Want to contribute? Suggestions, Error reporting, Bug Solving are highly appreciated, please open an Issue and/or PR here

Setup

  • Setup a Virtual Environment (HIGHLY RECOMMENDED)
  • Activate the Environment.
  • Install Requirements, use pip3 install -r requirements.txt
    • NOTE: A GPU accelerated hardware is recommended, after TF v2.1, there is no need to install GPU separately. So no need to use pip3 install tensorflow-gpu For GPU, separate Guidelines are provided here.
  • See the Google Drive links for features, dataset and models.
  • Download the required files.

GPU

It is recommended to train these Neural Networks using GPU accelerated hardware. User first need to have a CUDA enabled Graphics Card, if this condition is met, Download CUDA toolkit and cuDNN library.

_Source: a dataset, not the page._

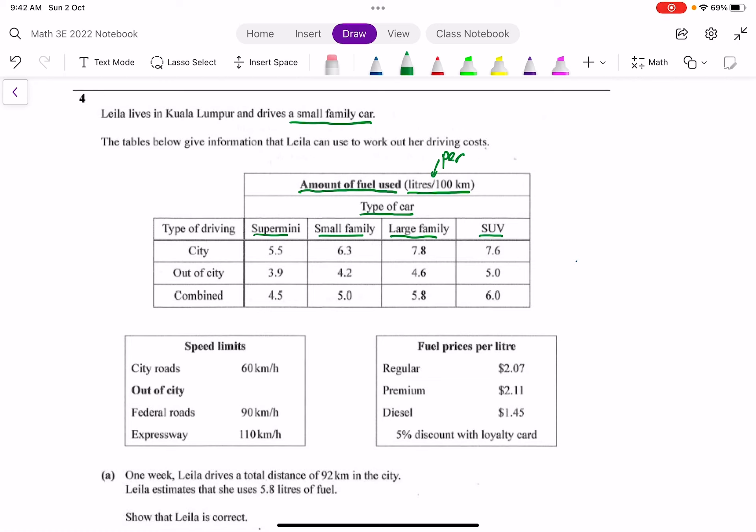Now let's look at the left hand side. We have the type of driving. So if you are in a city or out of the city, or this thing called combined, there is a different rate of use of the fuel. You may be wondering why there are different rates. For example, in the city usually there's a lot of traffic lights.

For installation and help, these links are helpful:

Official CUDA Installation Guide

Official CUDNN Installation Guide

An easy walk-through

Usage

  1. Start with changing the hardcoded paths in the python scripts.
  2. If yu want to train the Network yourself (GPU recommended), run the whole script.
  3. You can skip, Feature Extraction and Selection and Model training by downloading the required files.
  4. Comment out the code you wnt to skip.
  5. Classification Task is separately marked.
  6. For only classification, execute only those functions which are invoked during the task.
  7. Check Notebooks for an interactive example.
  8. Inception Model uses GloVe word vectors, see this, download the file beforehand.

Author

Made by Vybhav Chaturvedi. I have plans to update this project even further but that is beyond he scopes of this Repo, Rotten-Scripts is not meant for Deep Learning but is a accumulation of scripts in multiple languages.

Check this Repo, if you have further interests in Preprocessing using word ranking, and BLEU.

Disclaimer

Using GPU for training these networks can lead to Memory overflow errors, long sessions can lead to overheating issues and can cause similar problems related to GPU computing.

Carefully read the CUDA guidelines to avoid any problems.